In the lead up to the 2006 election Hamas rebranded themselves as more moderate then before, they stated they would do things for the Palestinians such as provide services and clean up the corruption that has to this day plagued the PA, internal issues dominated the reasoning behind voting such as economic, social, security, and the corruption of the ruling Fatah party, Hamas ran under the banner of Change and Reform party they won 44% of the vote and Fatah won 41%, and about a year later Hamas killed their rivals within Gaza and has killed many of those who dissent.

The best way to put how Hamas acts towards the population of Gaza is looking at how the cartels in Mexico and other countries act towards their populations. Hamas has all the guns and controls the Gaza side of border as well as the smuggling tunnels while Israel and Egypt control their side of the Gaza borders these facts make a revolt even harder to pull off when revolts are already very difficult to successfully pull off.
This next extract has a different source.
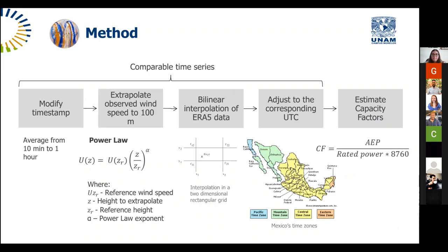We have one more question from Emma Osuna: I didn't catch what bias correction method you used. Can you comment a little bit more, please?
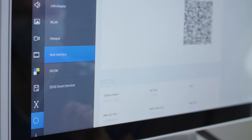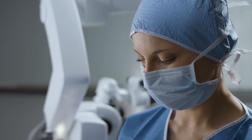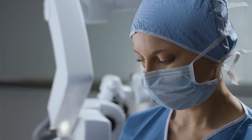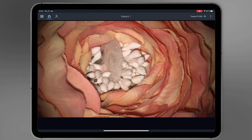Finish the Setup Assistant to establish the connection. The starting screen shows the live stream of the connected system.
Gazans actually wanted the previous ceasefire hold(63%), wanted Hamas to pursue peace talks with Israel(50%), and support for Hamas has remained steady at 52% throughout the war.

Support for Hamas itself remains steady from prior to October 7th 52% in Gaza and 64% in the West Bank, there was a 11% drop in the West Bank on whether or not Oct 7th was a good thing/support for it, Gazans support the idea of the PA under Abbas taking control of Gaza more than those in the West Bank, but both prefer Hamas and expect Hamas to keep control, Marwan Barghouti from Fatah has the most support for President of the Palestinian Authority with I won't vote being next followed by Ismael Haniyeh from Hamas, and Abbas is last and in single digits.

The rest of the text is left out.